Never meet your heroes, the saying goes. Sofia Coppola’s PRISCILLA would posit that neither should you marry them, have a kid with them, or agree to live in their gilded cage. The film – told firmly from the perspective of Elvis Presley’s wife – strips away the fripperies of the pop-cultural image of ‘The King’ to present a compelling and heartbreaking tale of a tarnished dream, the creepy infantilisation of women by abusive partners, and the arrogance of revered men.
Cailee Spaeny takes on the role of Priscilla as a school child, asked to a party at Elvis’s abode while her father and the pop icon are on military duty in Germany. A connection between the high-schooler and the musician in his twenties is viewed sceptically by her parents but is permitted based on his politeness and, likely, awe-inducing presence. His return to the USA before she finishes school breaks her heart, but leads to a long-distance courtship that eventually sees her finishing her schooling while living at Graceland under the watch of Presley’s family.
PRISCILLA treads a fine line with aplomb, at once presenting both Presley’s allure (although this will tarnish as the film goes on and the curtain is pulled back) to a teenage Priscilla, and the inherent imbalance of power between the global superstar and the high-schooler. To the film’s credit, it does this by also focusing upon small but significant ways the Presley clan (father Vernon is an overbearing presence at Graceland) hem Priscilla in, rather than just re-emphasising the 10-year age gap between the lovers and Presley’s abusive behaviours. That it communicates Elvis’s allure without leaning on Presley’s music is also pointed (when it would be tempting to have famous lyrics such as ‘We’re caught in a trap / I can’t walk out / Because I love you too much, baby’ ring tragically in your ears.)

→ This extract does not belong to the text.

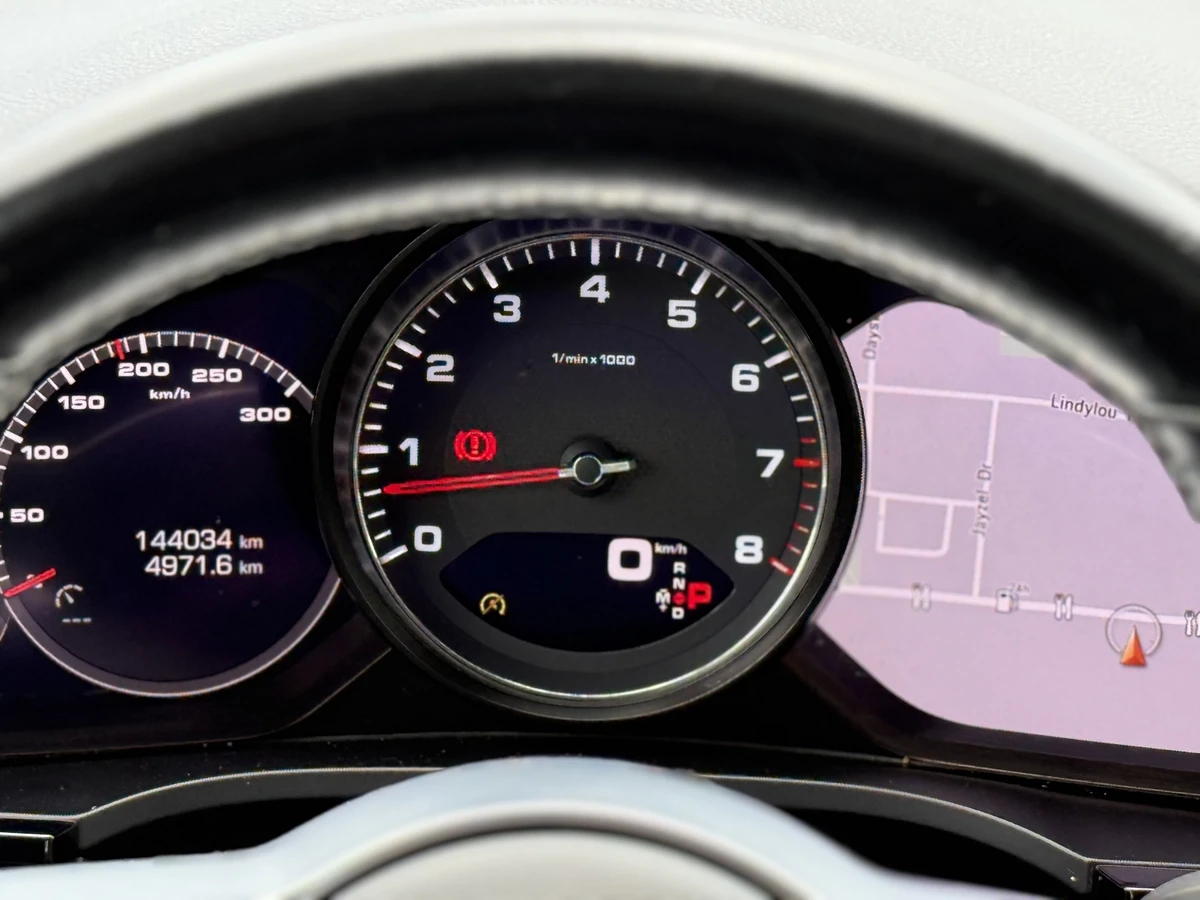 Porsche Cayenne s* PDK* FACELIFT* PREMIUM* BOSE* *  | Mobile.bg   12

“PRISCILLA treads a fine line with aplomb, at once presenting both Presley’s allure (although this will tarnish as the film goes on and the curtain is pulled back) to a teenage Priscilla, and the inherent imbalance of power between the global superstar and the high-schooler.”
When Elvis asks the 14-year-old Priscilla to “promise” him she’ll “stay the way [she is] now”, it underscores a supposedly romantic moment with his desire to keep Priscilla as an obedient star-struck teenager. Rather than grow into an adult companion with agency outside the luxurious detention she’ll endure in Tennessee, the star has an almost megalomaniacal wish to preserve her in amber. When reconnecting with her by phone three years after he left Germany, Coppola’s script knows the buttons to press in having Elvis ask, “How’s my little one?” The word choice of telling her she will “have to forget” notions of a job feels pointed. PRISCILLA spends the rest of its runtime bringing its lead character to the same realisation with which the audience begins the film: that her perceived role is to be a subservient adornment to her husband’s life, not a partner in it.
The script does not focus purely on gender politics but also has time to prod at the enduring fascination with and the cult of ‘celebrity’. Despite paying lip service to strict discipline, Priscilla’s parents are as bowled over by Elvis’s interest in their daughter as she is. Spaeny’s performance, spanning multiple stages of maturity and realisation as Priscilla, is superb. She is believable both as the doe-eyed schoolchild and as the film progresses her into womanhood, thanks to her performance and some excellent hair, makeup, and costuming work.
“There isn’t a female-coded word which seems to encapsulate quite the same thing as ‘emasculating’ for Priscilla’s story here, [but] the greatest strength of PRISCILLA is in communicating that story outside the constriction of patriarchal language.”
Whether Coppola’s visuals and (otherwise finely tuned) script pay enough attention to realising Priscilla’s interior thoughts on screen is debatable, with the immaculately realised and almost tactile fashion and imagery of the times as memorable an element as the central relationship. Compared to Pablo Larraín’s similarly-themed SPENCER, PRISCILLA feels much more slight (although it’s an amusing contrast to note the quintessentially American story here suggests celebrity reverence as a corrupting force, something which feels almost quaint next to Larraín’s allusions to the insidious apparatus of the British state).
The film then accelerates through Priscilla’s maturation and escape from her life with Elvis in a manner that makes the conclusion slightly abrupt. However, the central performance from Spaeny, the myriad ways in which the script communicates her infantilisation, and the production design deliver the film’s message long before then. There isn’t a female-coded word which seems to encapsulate quite the same thing as ‘emasculating’ for Priscilla’s story here, and one would struggle to describe her journey as one of (the similarly gender-coded) ‘empowerment’. The greatest strength of PRISCILLA is in communicating that story outside the constriction of patriarchal language.